警戒するフィリピンとベトナムは、米国などとの連携を深め、けん制しようとしている。
◇「島」既成事実化か
中国は、南シナ海の中心に位置する南沙諸島の実効支配する岩礁で埋め立てなどの作業を進めているが、中でも米国や周辺国が最近になって懸念を強めているのが、永暑(英語名ファイアリークロス)礁での人工島建設だ。
軍事情報大手IHSジェーンズによれば、幅200~300メートルで全長3キロ以上。
中国が南沙諸島に初めて飛行場を設営する動きとみられている。
軍艦などが停泊できる港も建設中で、飛行場とともにレーダー基地や補給施設などが整備されれば、南シナ海における「不沈空母」として軍事拠点になりかねない。
日本の軍事専門家は「東シナ海と同様、南シナ海への防空識別圏設置をにらんだ布石ではないか」との見方を示す。
永暑礁の埋め立て面積は0.9平方キロ以上で、台湾が実効支配する同諸島最大の太平島のほぼ2倍。
一部の中国メディアは「永暑島」の表記を用い始めており、海洋権益拡大に向け、排他的経済水域(EEZ)を主張できる「島」への格上げを既成事実化する可能性も指摘される。
◇米の後ろ盾
経済力を背景に多額の費用を掛けて実効支配を強化する中国に対し、鋭く対立するフィリピンは米国との軍事協力強化や国際法に訴えることで、中国の動きに歯止めをかけたい考えだ。
14年4月には米国と新軍事協定を締結し、1992年に撤退した米軍の事実上の再駐留を認めることで軍事面の後ろ盾を得た。
ガズミン国防相によれば、協定締結後、実効支配するアユンギン礁で中国船による妨害活動は起きていないという。
フィリピンが13年に提起した国連海洋法条約に基づく国際仲裁裁判について、2国間解決を主張する中国は「仲裁裁判所に管轄権はない」(外務省)と拒否したまま。
ただ、フィリピンは「中国が参加しなくても審理は進む」(外務省報道官)と意に介さない姿勢で、アキノ大統領の任期が終わる16年6月までに判決を得る方針だ。
一方で15年は、フィリピンがアジア太平洋経済協力会議(APEC)議長国となり、秋にも開催される首脳会議の場ではアキノ大統領と習近平国家主席との初会談も予想される。

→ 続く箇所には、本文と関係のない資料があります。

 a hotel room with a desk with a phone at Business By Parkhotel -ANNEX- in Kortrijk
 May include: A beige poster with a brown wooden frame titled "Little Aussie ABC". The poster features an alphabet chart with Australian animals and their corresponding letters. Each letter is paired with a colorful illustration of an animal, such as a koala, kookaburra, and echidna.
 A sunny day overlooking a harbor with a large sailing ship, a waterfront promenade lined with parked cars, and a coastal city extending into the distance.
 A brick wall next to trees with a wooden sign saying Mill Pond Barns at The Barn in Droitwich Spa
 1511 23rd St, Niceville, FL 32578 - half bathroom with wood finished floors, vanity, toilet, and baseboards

首脳会談をにらみ、妥協が探られる可能性も否定できない。
◇対立再燃も
ベトナムは表向き強硬だ。
中国がフィリピンの国際仲裁手続きを改めて拒否したことに対し、ベトナム外務省報道官は
「中国の一方的な領有権の主張を拒否することが、ベトナムの一貫した立場だ」
と反論し、フィリピンを事実上支援した。
16年初めにベトナム共産党大会を控え、次期書記長候補と目されるグエン・タン・ズン首相としては弱腰を見せられないという事情もあり、中国の出方次第では、14年5月に石油試掘をめぐり起きた中越対立が再燃する恐れもある。

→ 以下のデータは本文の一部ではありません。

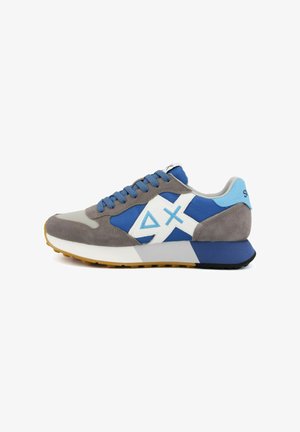 Lage sneaker met grijs suède, blauwe stof, wit geometrisch logo, blauwe veters en een zool van natuurlijke rubber, weergegeven in zijaanzicht op een witte achtergrond.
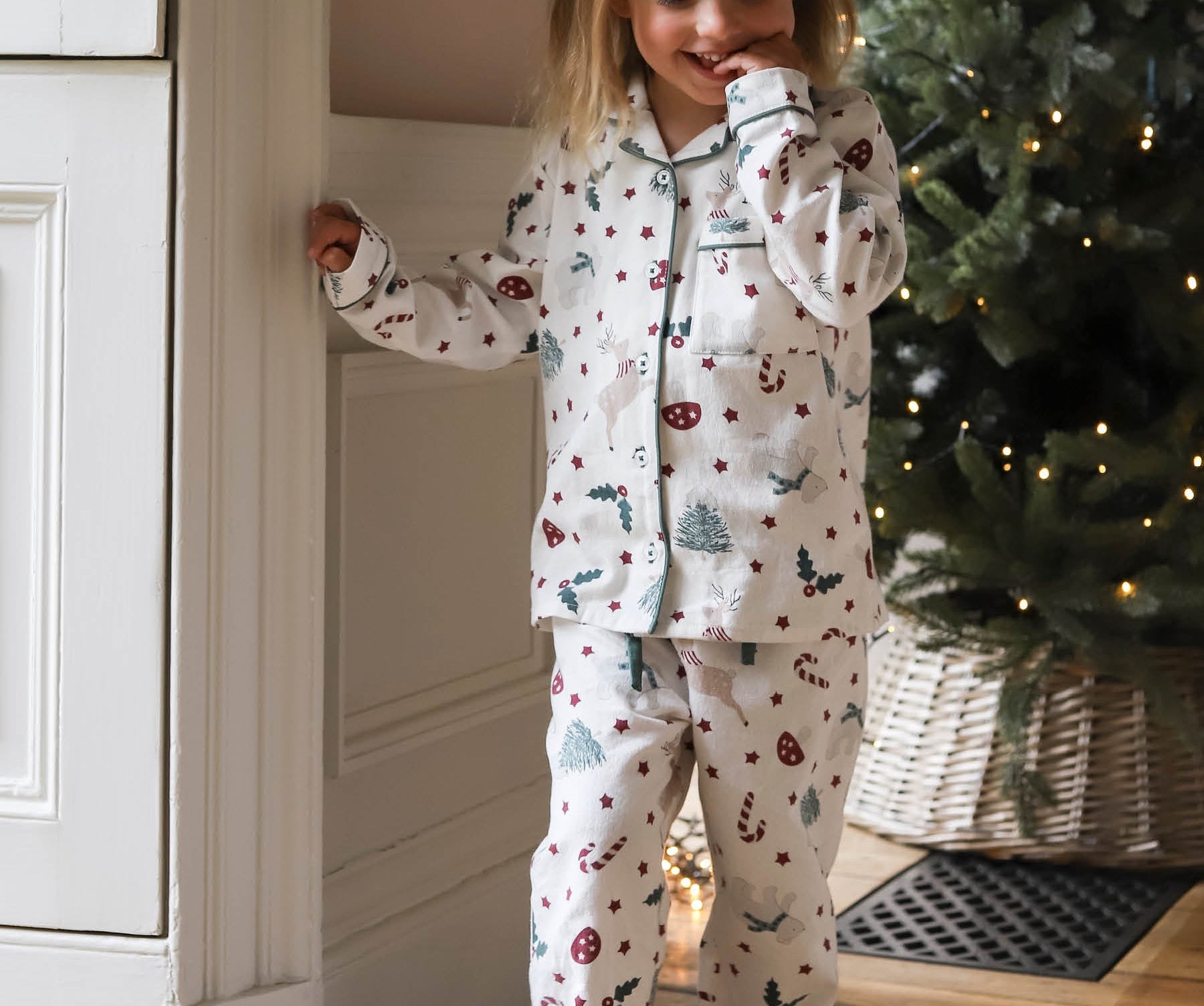 A young girl wearing a long-sleeve pajama set with a Christmas print, standing in a cozy room next to a white paneled wall and a decorated Christmas tree.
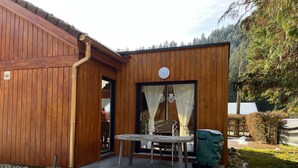 A wooden cabin with a small patio, a table, and a chair. - Chalet Capucine 1 in the heart of the Vosges mountains (Gérardmer)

ただ、陸続きの両国は政治・経済両面で緊密な関係にあり、特にベトナムにとって中国は輸出の1割、輸入の3割を占める最大の貿易相手国。
軍事力では太刀打ちできず、全面対決は選択肢になり得ない。
対中利害が一致する米国や日本との連携を強めながら、慎重に戦略を練ることになりそうだ。